Hayvan hastanesinde yatıyor.
Yapının girişinde Veteriner Hekim Bige Hanım.
Üzgünlüğü hemen belli oluyor.
Dokunsan ağlayacak.
Dokunmaya gerek kalmadı, ağlıyor.
Yavru bir kedi iyileşememiş, ölmüş.
Bir yandan kediye üzülüyor, diğer yandan sahibine nasıl söyleyeceğine tasalanıyor.
Sahibi geldi.
Genç bir kızcağız.
Bige Hanım’ın görünüşünden etkilendi; yitirdik deme sakın dedi ama öyleydi.
Hıçkırıklar, gözyaşları.
Ben de üzüldüm.
Hastahanelerde üzülmemek olanaksız.
Bekleyen bir köpek var.
Zayıf, uzun tüylü, iri kulaklı, kahverengi bir şey.

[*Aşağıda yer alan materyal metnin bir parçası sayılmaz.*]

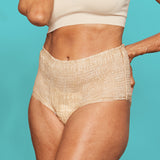 Woman wearing beige form fitting absorbent underwear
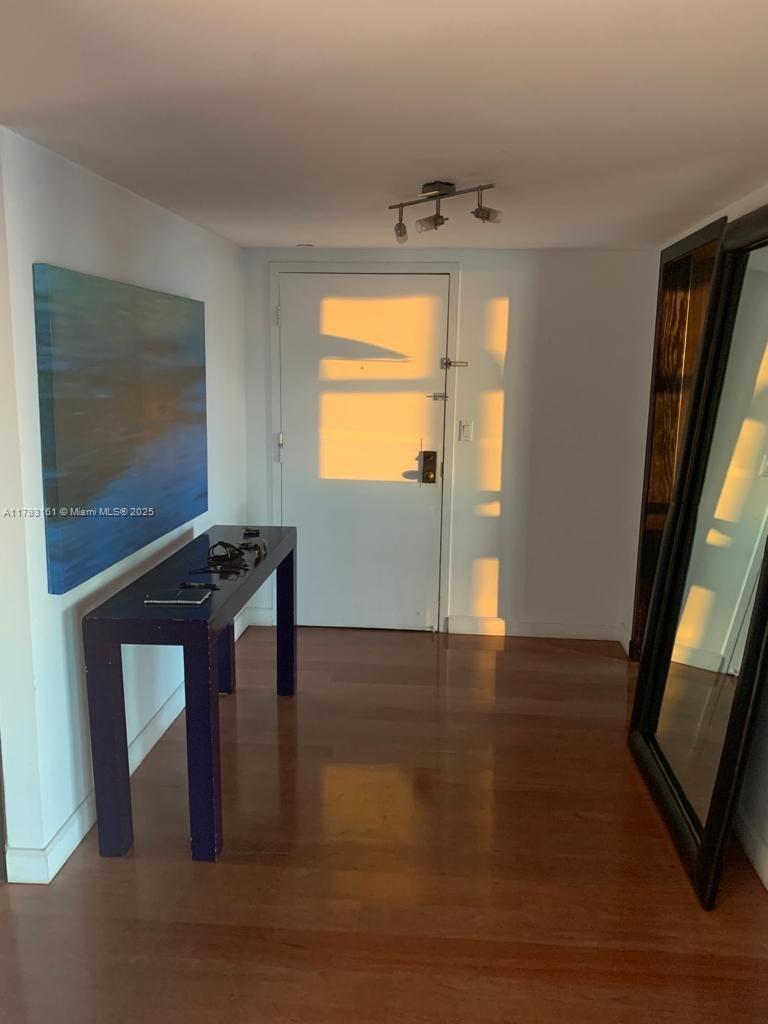 1121 Crandon Boulevard, Unit D802 Key Biscayne, FL 33149 - Photo 27 of 30 a view of an empty room with wooden floor and a window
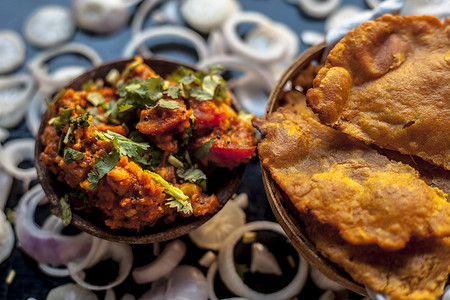土豆地摄影照片_Batate ki sukhi bhaji 或土豆 sabji 在粘土碗中的特写镜头，以及一些干燥的普通油炸 puri 和一些黑色表面上的切洋葱。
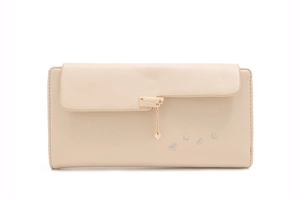 Close-up of beige long wallet featuring heart pendant and delicate embroidery details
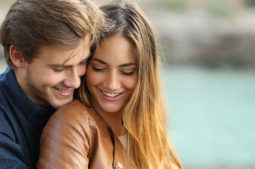 happy couple by the water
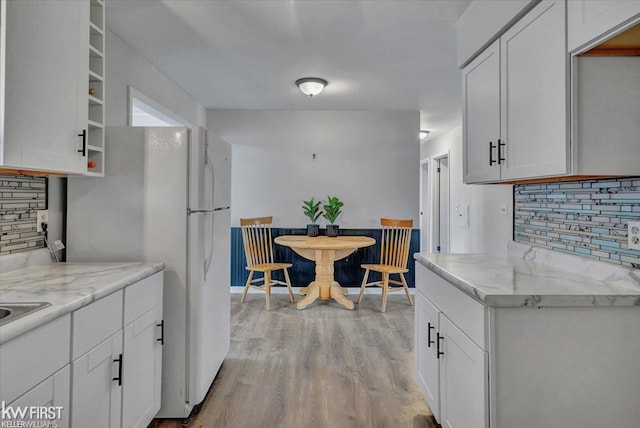 kitchen featuring light stone counters, white cabinets, light wood-style floors, and backsplash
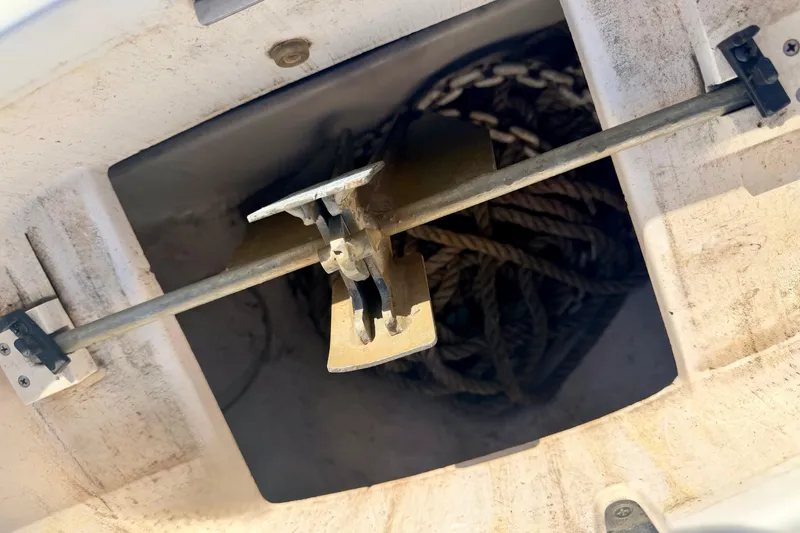 Slide: The Image of Anchor storage compartment on a 2000 Chaparral 235 SSi boat, featuring rope and anchor. - 61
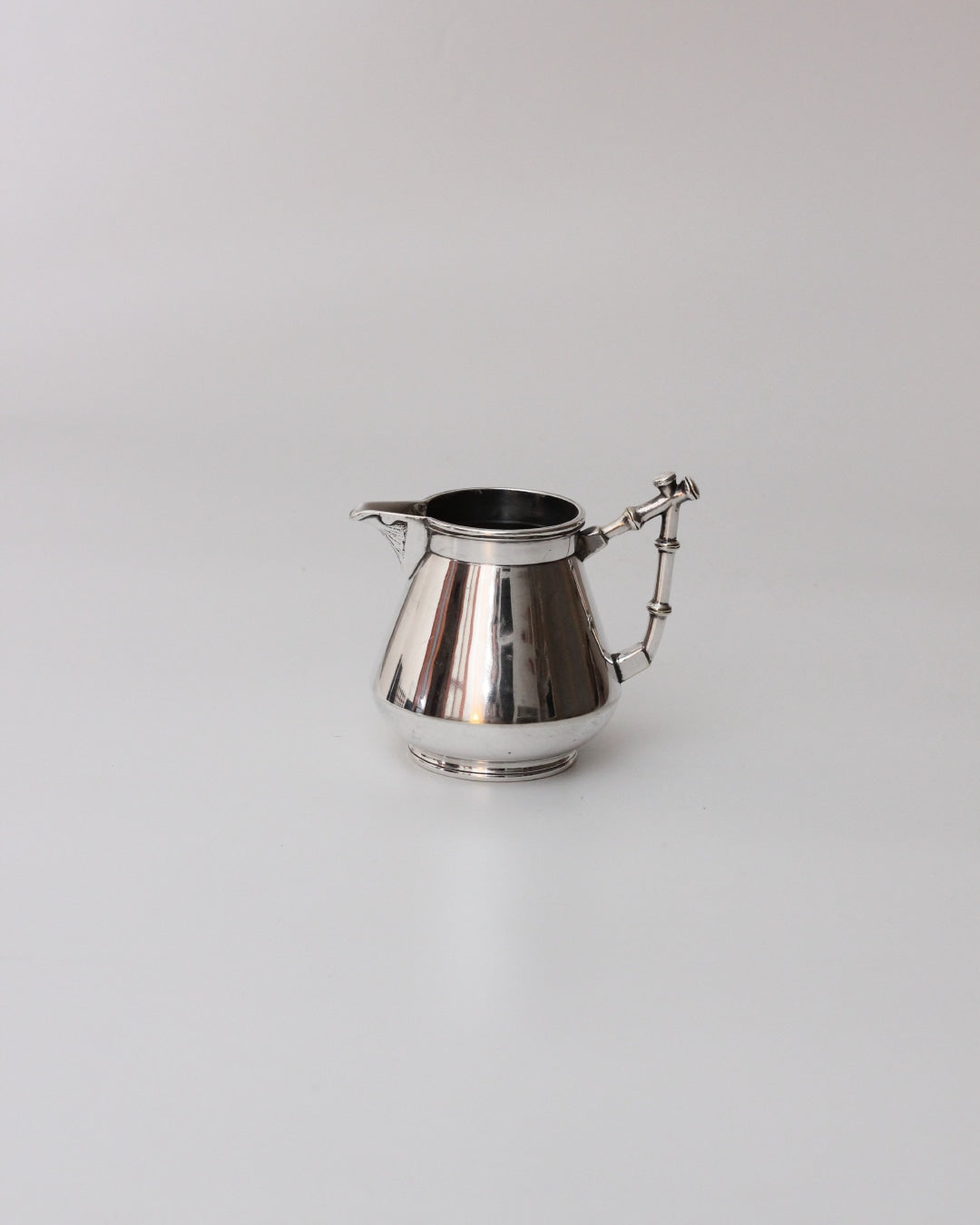 Art Deco Coffee Set — side angle of polished silver coffee pot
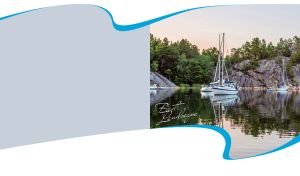 White sailboats at a rocky cliff against gray and white backdrop in a blue frame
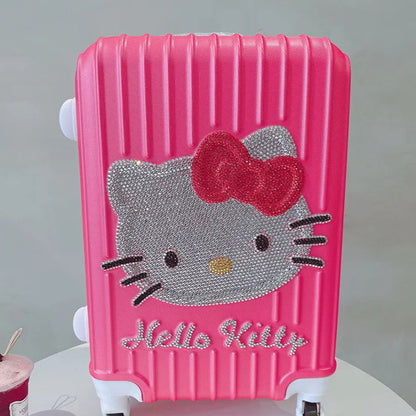Pink suitcase with Hello Kitty design on a white surface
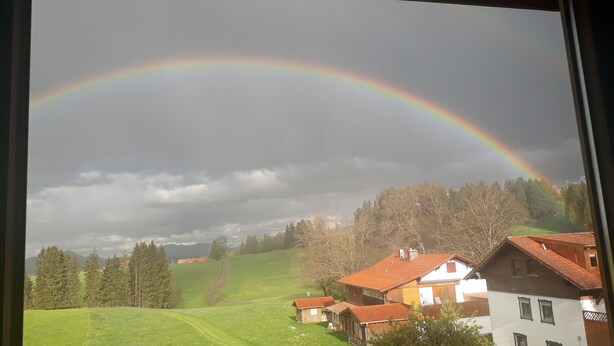 A rural landscape with houses, a rainbow, and a cloudy sky. - Ihr Ferienhof am Rande der Alpen (Seeg)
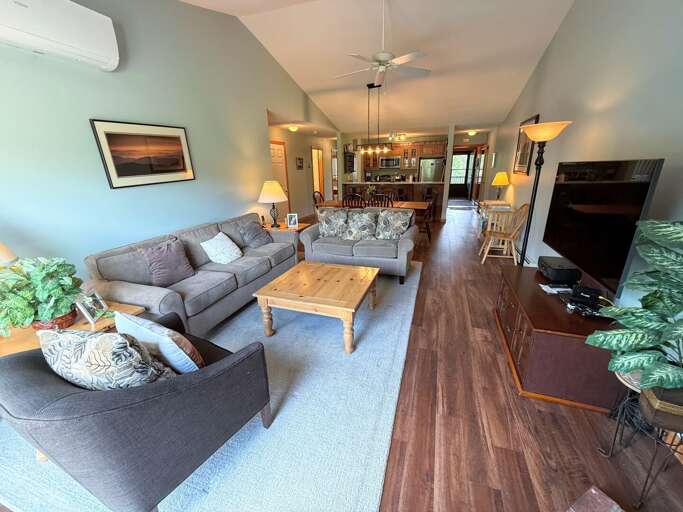 Living area with gas fireplace, comfortable seating, Smart TV, DVD player and walkout to the deck.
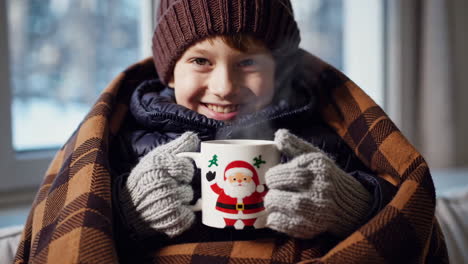 young boy bundled in a blanket holding a steaming christmas mug in winter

Ağzından kan geliyor; kansermiş.
Sessiz, bitkin.
Sahibi orta yaşlı kadın; hasta köpekten daha bitkin.
Yine üzüldüm.
Bu arada Pilav getirildi.
Pilav da bir kedi; yavru sayılır.
Epey iyileşmiş: kıpır kıpır, yerinde duramıyor, eğlence istiyor. tırmalamak, dişlemek istiyor.
Sevindim.
Gerçi sokaktan alınıp buraya getirilmiş ancak insana yakınlığından belli ki ev kedisiyken sokağa atılmış.
Hülya Hanım, oturduğu yapının bahçesinde koruyup gözetmeye başlamış.
Adını pilav yerken almış.
Ben ilk kez görüyorum.
Sevdim.
Dünya işte: Kimine düğün kimine ölüm; kimine yas, kimine sevinç.